Reporters sans frontières (RSF) condamne la disproportion du traitement réservé à deux journalistes suisses qui ont été longuement interrogés et mis à l’isolement pendant plus de 50 heures après avoir été arrêtés en marge d’un reportage sur l’inauguration du musée Louvre Abu Dhabi.
Alors qu’ils se trouvaient en reportage dans la capitale émiratie pour l’émission Mise au Point de la Radio Télévision Suisse (RTS) à l’occasion de l’ouverture du Louvre Abu Dhabi, le journaliste Serge Enderlin et le caméraman Jon Bjorgvinsson ont été interpellés jeudi alors qu’ils filmaient dans un marché en plein air dans un quartier où vivent des dizaines de milliers de travailleurs immigrés.
Mis à l’isolement, les journalistes ont été interrogés à de multiples reprises dans différents lieux. Ils expliquent avoir été transférés dans plusieurs lieux, à chaque fois les yeux bandés. Certains interrogatoires ont duré dix heures d’affilée. Au terme d’une “guerre nerveuse “ pour reprendre les termes de Serge Enderlin, les journalistes ont été contraints de communiquer les codes d’accès de leur téléphone et de signer des aveux “sur tout et n’importe quoi” pour pouvoir être libérés.
Nous condamnons fermement la réaction disproportionnée des autorités vis à vis des journalistes étrangers qui n’ont fait que leur métier, déclare Alexandra El Khazen, responsable du bureau Moyen-Orient de l’organisation. L’interpellation, la détention prolongée de ces journalistes et surtout l’obtention d’aveux sous la contrainte, relève de la pratique d’intimidation et démontre une méfiance excessive à l’encontre des médias qui souhaitent couvrir des sujets sensibles. Nous demandons par ailleurs aux autorités émiraties de restituer immédiatement le matériel confisqué lors de cette arrestation”.
Relâchés dans la nuit de samedi à dimanche, les deux journalistes ont pu regagner la Suisse, mais ont dû laisser derrière eux tout leur matériel – caméra, ordinateur et disques durs – saisi lors de leur arrestation.
L’équipe de la RTS qui avait été accréditée pour l’inauguration du musée le Louvre Abu Dhabi, avait également sollicité une demande d’autorisation de tournage, qui était toujours en cours de traitement.
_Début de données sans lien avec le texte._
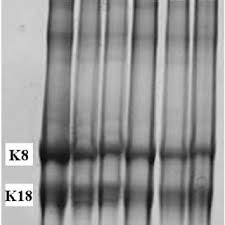 Wool grades are selected to suit the needs of the products being made. Reference Gel Stained With Coomassie Blue W 1 4 100 Wool C 1 4 100 Download Scientific Diagram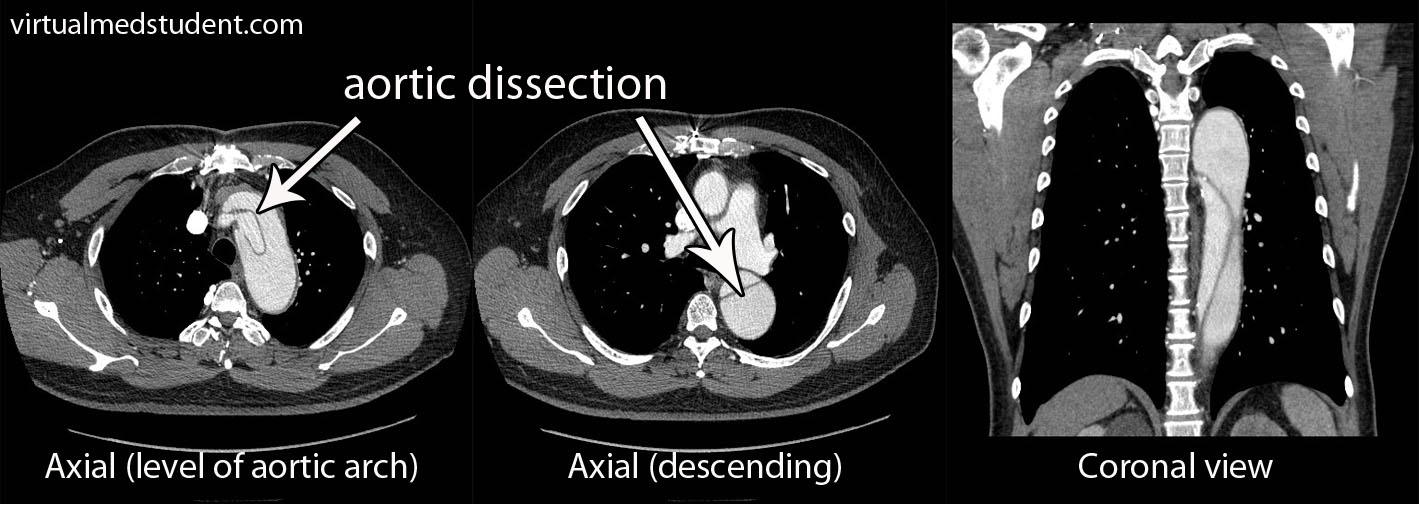 Aortic Dissection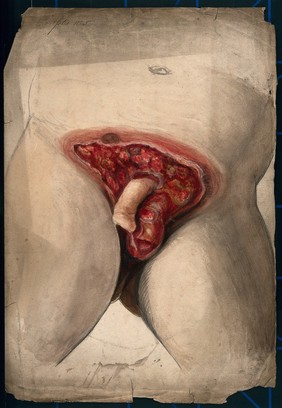 Severely diseased genitals of a man. Watercolour by C. D'Alton, ca. 1860.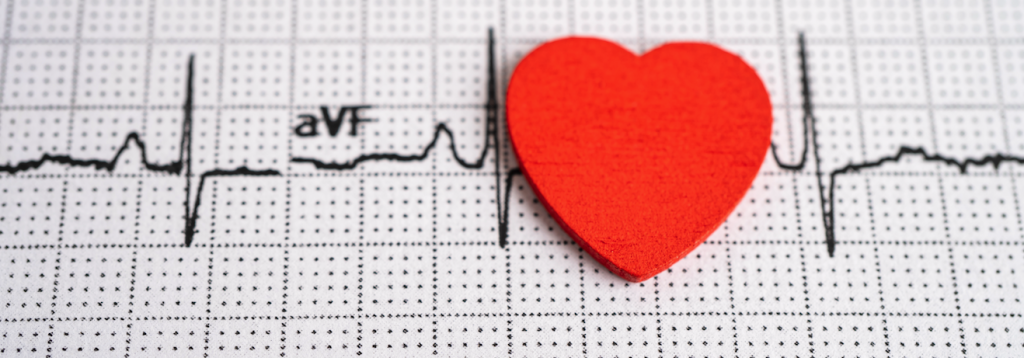 Postural tachycardia syndrome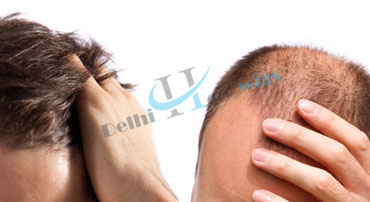 Hair Fixing - Hair Fixing Cost - Hair Fixing Clinic or Centre in Rohtak Hair Fixing - Hair Fixing Cost - Hair Fixing Clinic or Centre in Rohtak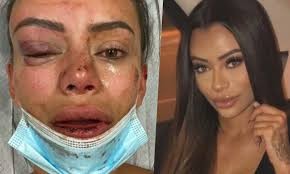 Una joven influencer relató en Instagram la paliza que le dio un hombre en una fiesta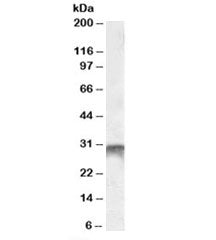 Western blot testing of human bone marrow lysate with DLX5 antibody at 1ug/ml. Predicted molecular w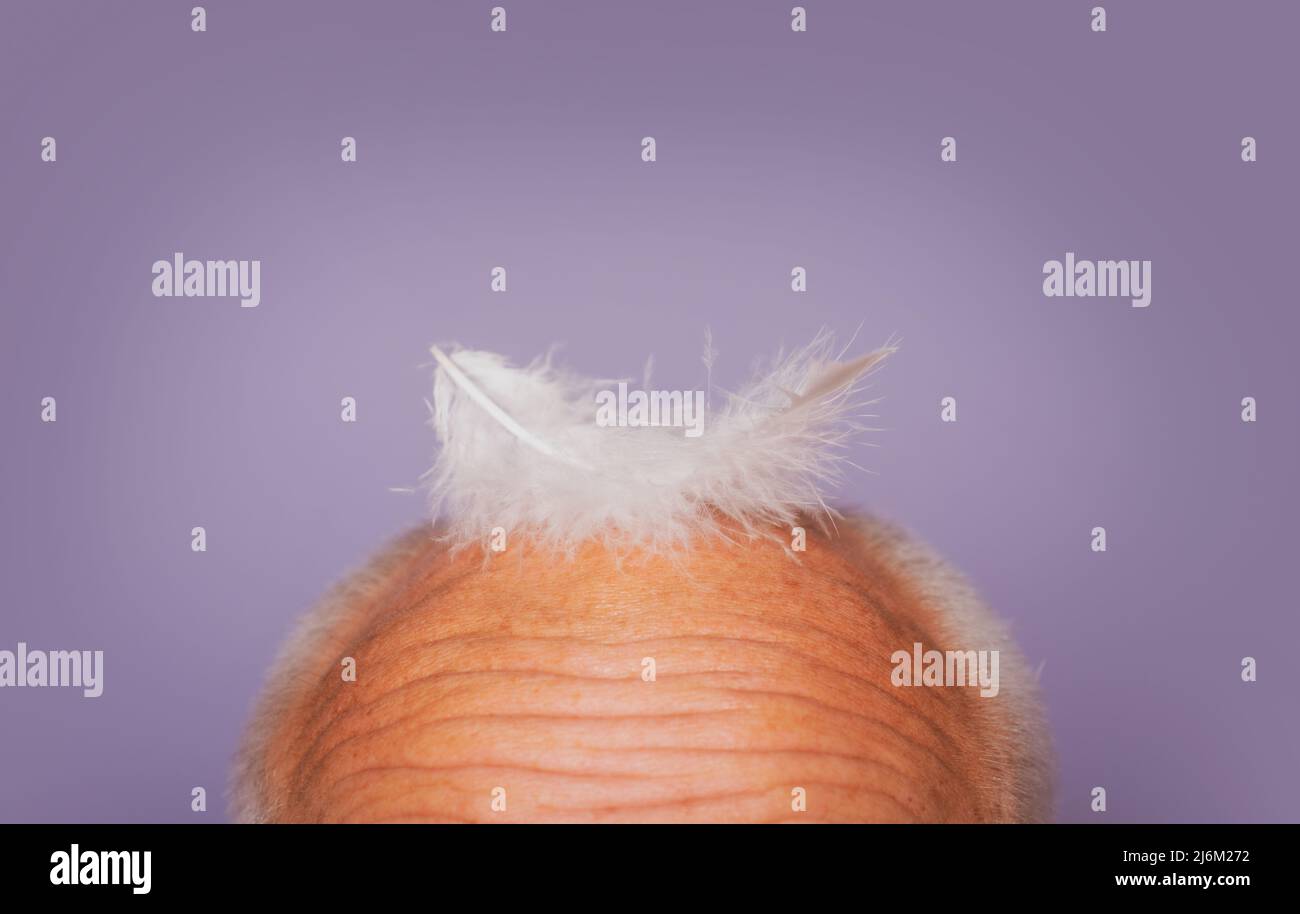 Hair Loss Health Issues: Unveiling Underlying Conditions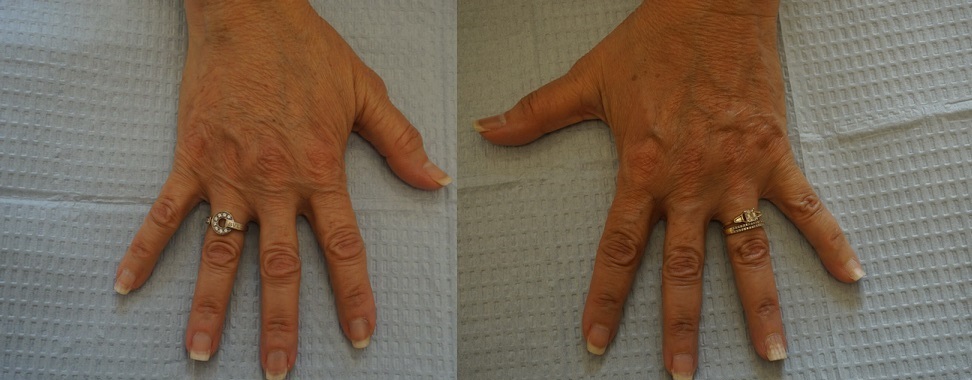 Two hands with visible signs of aging, such as wrinkles and prominent veins, shown resting on a textured white surface. Both hands wear rings on the ring finger.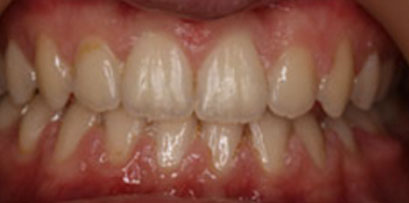 Before & Afters Before & Afters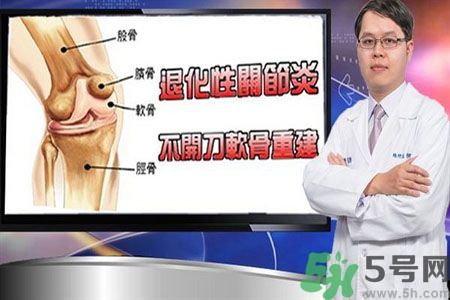 膝蓋痛怎么辦？膝蓋痛如何治療好？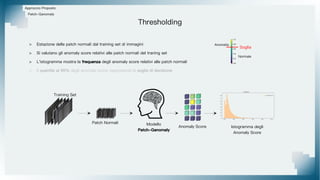 Thresholding
Approccio Proposto
Patch-Ganomaly
Training Set
Patch Normali Modello
Patch-Ganomaly
Anomaly Score Istogramma degli
Anomaly Score
Normale
Anomalia
Soglia
> Estazione delle patch normali dal training set di immagini
> Si valutano gli anomaly score relativi alle patch normali del traning set
> L'istogramma mostra la frequenza degli anomaly score relativi alle patch normali
> Il quantile al 95% degli anomaly score rappresenta la soglia di decisione
 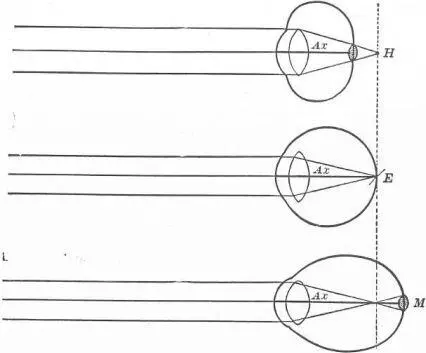 Рис 4 Диаграмма Гиперметропического Эмметропического и Миопического Глазных - фото 5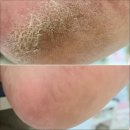 수봉공원 (관리실) | 인천 남동구 구월동 간석동 만수동 발각질 관리 No.1 에이풋케어 내성발톱 발톱무좀 발각질 문제성발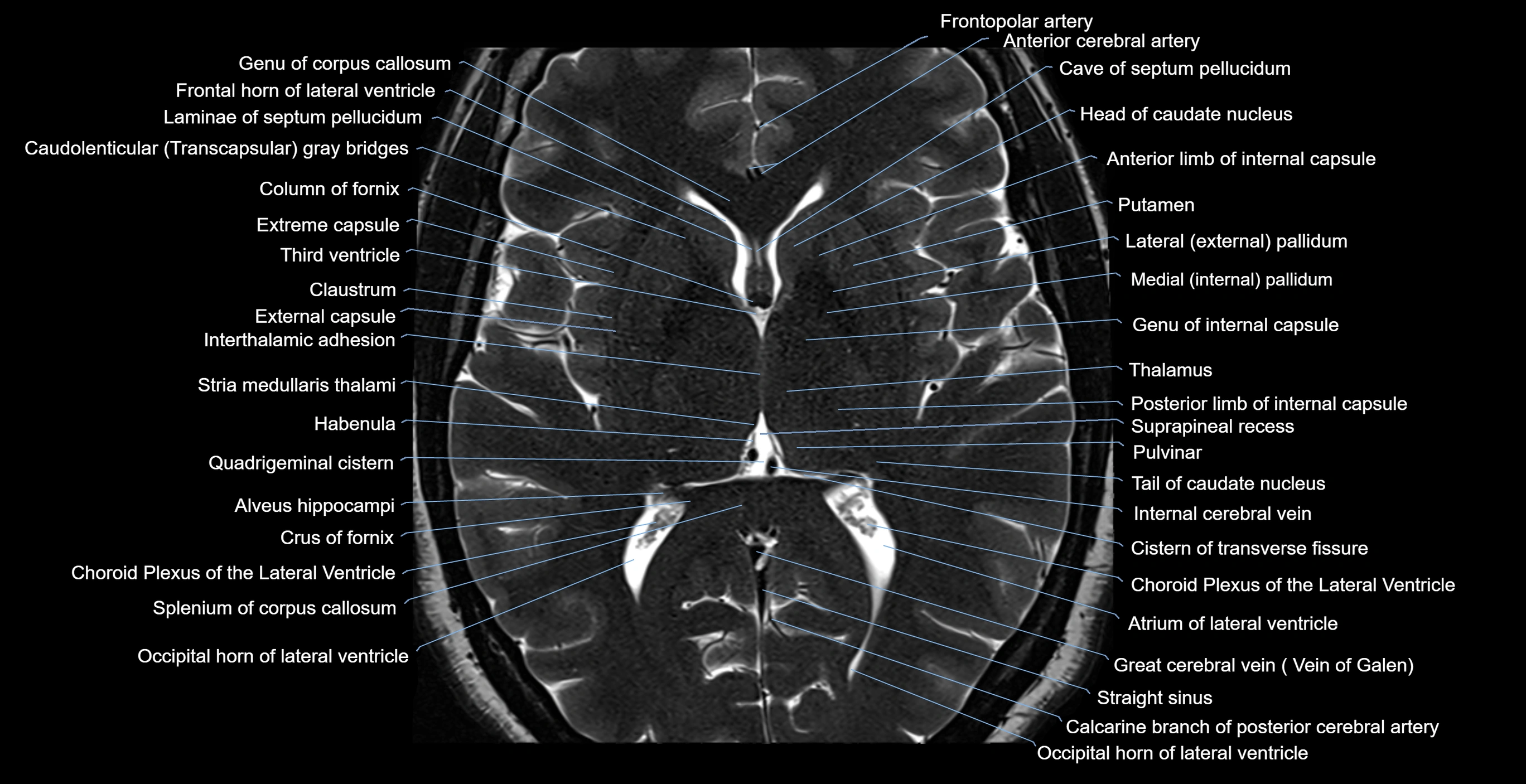 brain axial anatomy 3T MRI images -img-17001-00033.webp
Les autorités leur ont reproché d’avoir filmé des travailleurs originaires du Pakistan, sur un marché de la périphérie de la capitale émiratie. Durant leur interrogatoire, la police a cherché à connaître les motivations de leur reportage et aussi à savoir s’ils collaboraient avec des ONG ou des Etats tiers. Les difficiles conditions de travail des ouvriers immigrés reste un sujet tabou aux Emirats, notamment pour la couverture critique qu’en a fait un certain nombre d’ONG, telles que Human Rights Watch (HRW).
Les Emirats arabes unis figurent à la 119e du Classement de la liberté de la presse établi par RSF.